Paulino Alfonso Estévez. PRIMAVERA DIGITAL
La Habana. Tanto como a las mujeres, he amado a los libros. A cuantas pude le di todo el amor que fui capaz de entregar. De los libros, soy hasta hoy un lector constante, aunque no ya tan empedernido como en la juventud, quizás un poco más selectivo.
Uno de mis libros preferidos, El nombre de la rosa, me ha sugerido el titulo para la crónica de esta semana. En este libro hay un personaje central que encarnaba al Mal y ejercía el poder sobre un convento de frailes dominicos que, obligados por su fé, le obedecían ciegamente. Este era el mítico Venerable Jorge.
Jaime Ortega Alamino ha llegado, en seis décadas de vida, de simple seminarista a ocupar los escaños más altos de la iglesia católica. En su juventud fue encarcelado por el castrismo en las tristemente famosas UMAP. Conozco de primera mano que contra él, así como contra muchos cristianos evangélicos, se utilizaron métodos especialmente rigurosos, ya que por entonces se pretendía que estos abjuraran de su fé a cambio de su libertad.

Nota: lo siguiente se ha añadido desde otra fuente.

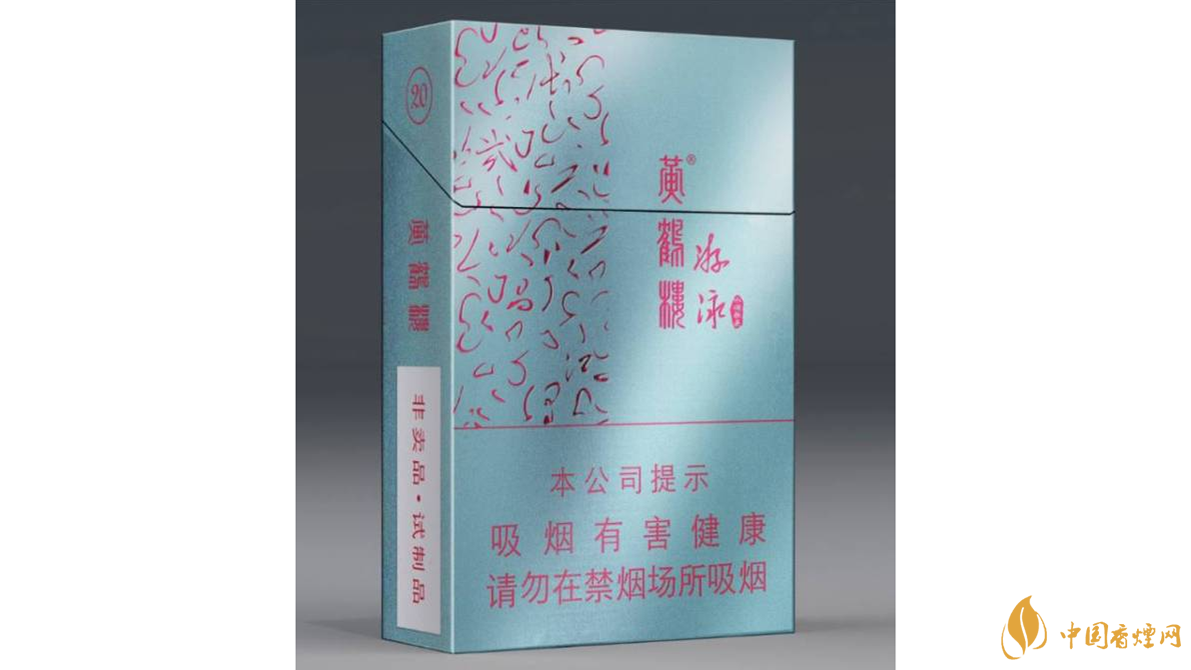 黃鶴樓游泳口感怎么樣 黃鶴樓游泳口感測(cè)評(píng)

Esto funcionó en algunos, en otros no. En el caso del hoy cardenal no ocurrió eso sino algo más siniestro, le sembraron el miedo, ese que ciega el alma y encoge el corazón. Convirtieron al joven fraile en un ser mezquino y obediente, no ya de la iglesia católica, sino del comunismo, como ocurrió tras el telón de acero hasta que la libertad abrió sus archivos de terror.
Cuando en 1966 el dictador Castro tuvo que escuchar a los diplomáticos que intercedían por la vida del hijo de su entonces canciller Roa, se hizo el sorprendido y en una mise en scène digna de Hollywood, suspendió el horror que el mismo había ordenado, y como ocurriría 24 años después, en 1989, otros cargaron la culpa de sus ordenes.
Después de este incidente el cura Ortega terminó su seminario y fue destinado al servicio pastoral donde ejerció bien su ministerio granjeándose las simpatías de cuanto católico sincero le conoció. Así las cosas y gracias a una innegable y vasta cultura y un buen trabajo como pastor, el cura Ortega ascendió hasta la primada posición de la Archidiócesis de la Habana lo que culminó con su ordenación por Juan Pablo II como Cardenal de la Iglesia.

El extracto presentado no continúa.